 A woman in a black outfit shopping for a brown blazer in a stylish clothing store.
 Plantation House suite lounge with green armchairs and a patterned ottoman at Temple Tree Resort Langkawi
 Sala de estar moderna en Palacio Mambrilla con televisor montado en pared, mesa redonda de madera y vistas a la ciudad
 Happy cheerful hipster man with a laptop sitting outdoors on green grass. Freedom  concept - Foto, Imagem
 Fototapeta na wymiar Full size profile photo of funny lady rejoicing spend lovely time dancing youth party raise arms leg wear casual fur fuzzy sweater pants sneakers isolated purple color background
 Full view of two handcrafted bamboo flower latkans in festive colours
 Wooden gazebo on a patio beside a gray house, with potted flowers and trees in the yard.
...
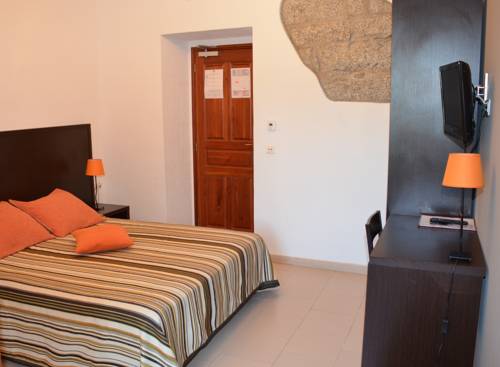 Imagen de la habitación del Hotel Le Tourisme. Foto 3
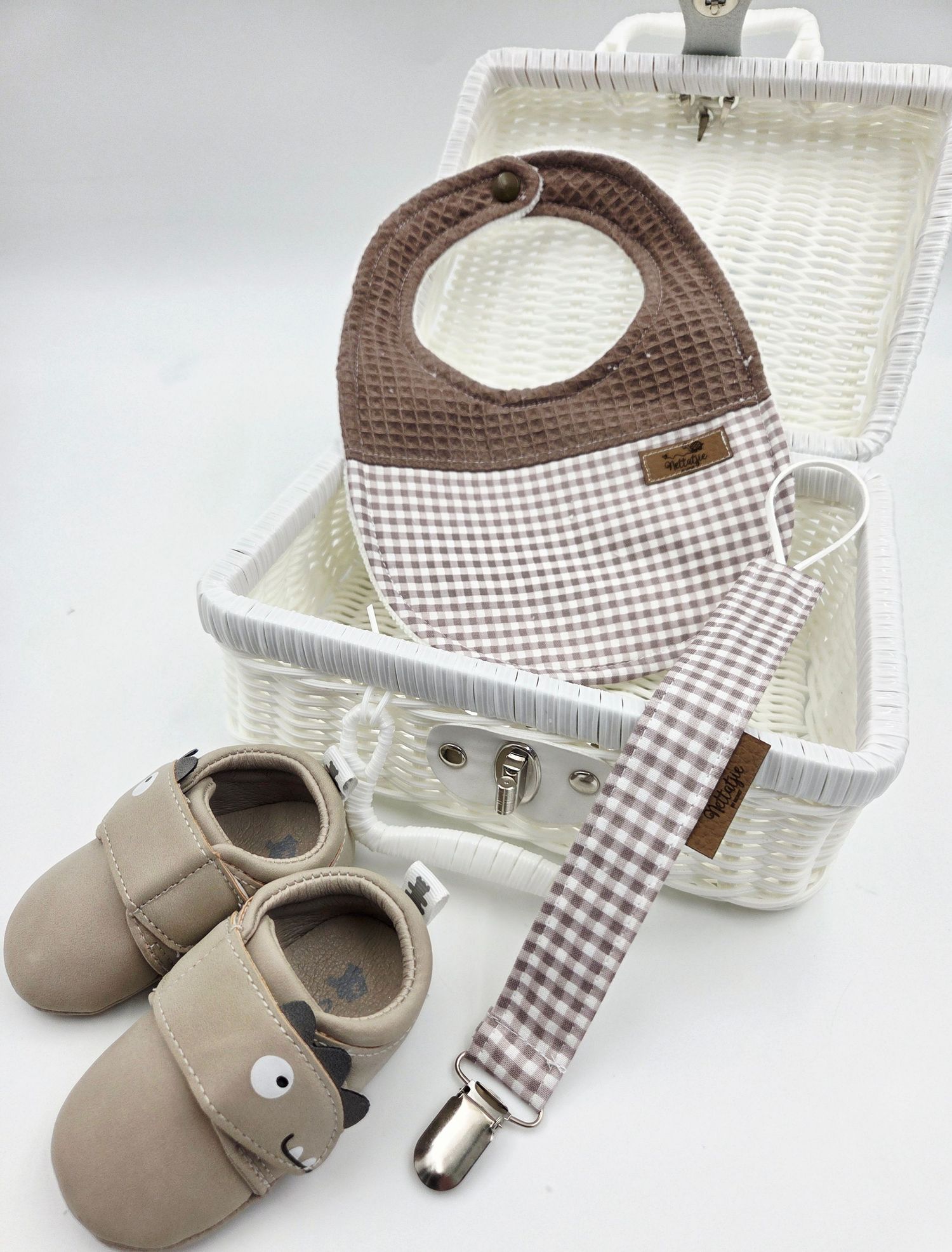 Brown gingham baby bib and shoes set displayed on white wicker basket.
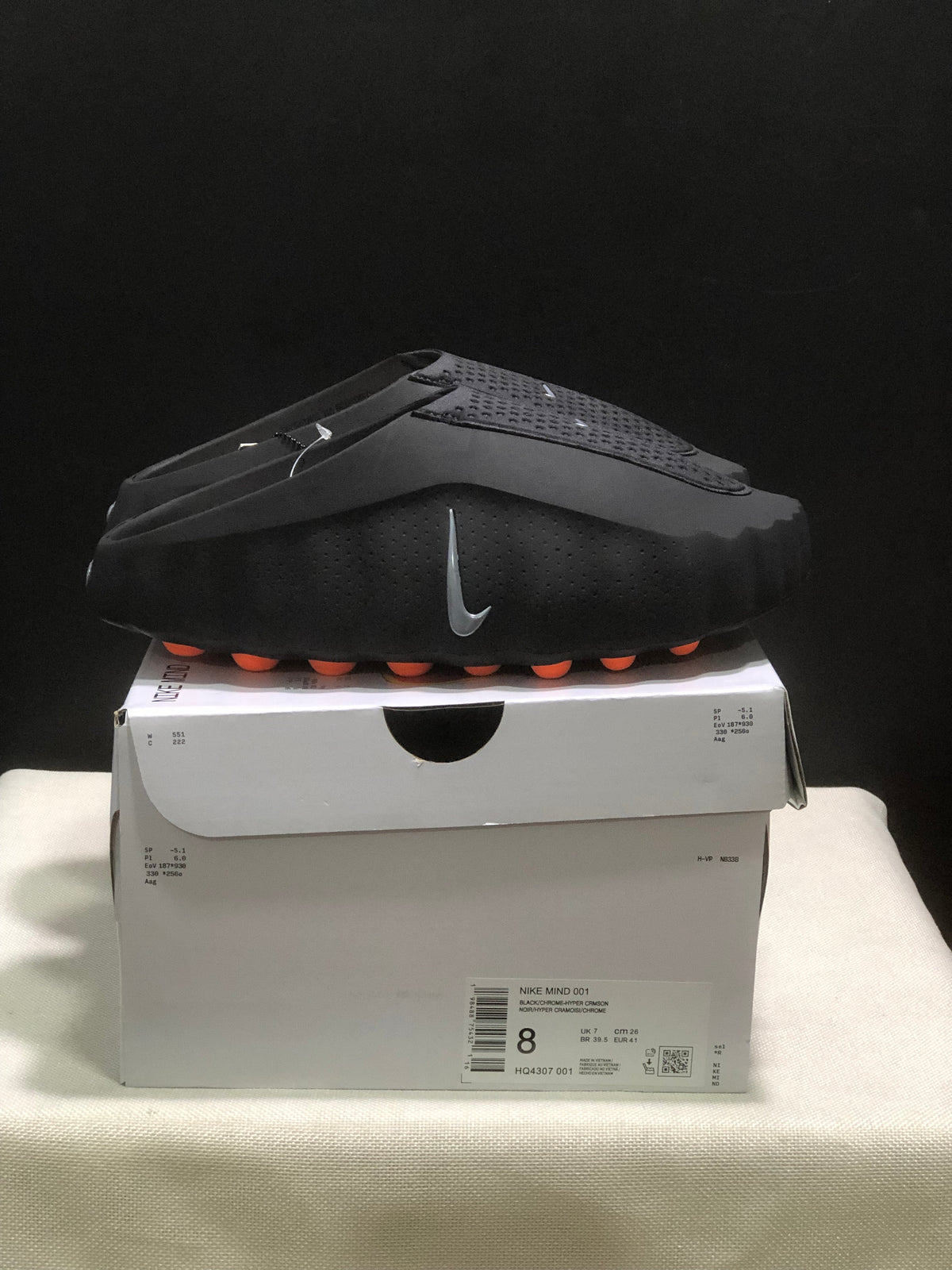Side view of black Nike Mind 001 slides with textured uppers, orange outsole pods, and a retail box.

— Work instruction —
Repeat, word for word, the lines above between the line holding "Fototapeta na wymiar" and the line holding "Wooden gazebo on", inclusive; omit everything else.

— Exercise solution —
 Fototapeta na wymiar Full size profile photo of funny lady rejoicing spend lovely time dancing youth party raise arms leg wear casual fur fuzzy sweater pants sneakers isolated purple color background
 Full view of two handcrafted bamboo flower latkans in festive colours
 Wooden gazebo on a patio beside a gray house, with potted flowers and trees in the yard.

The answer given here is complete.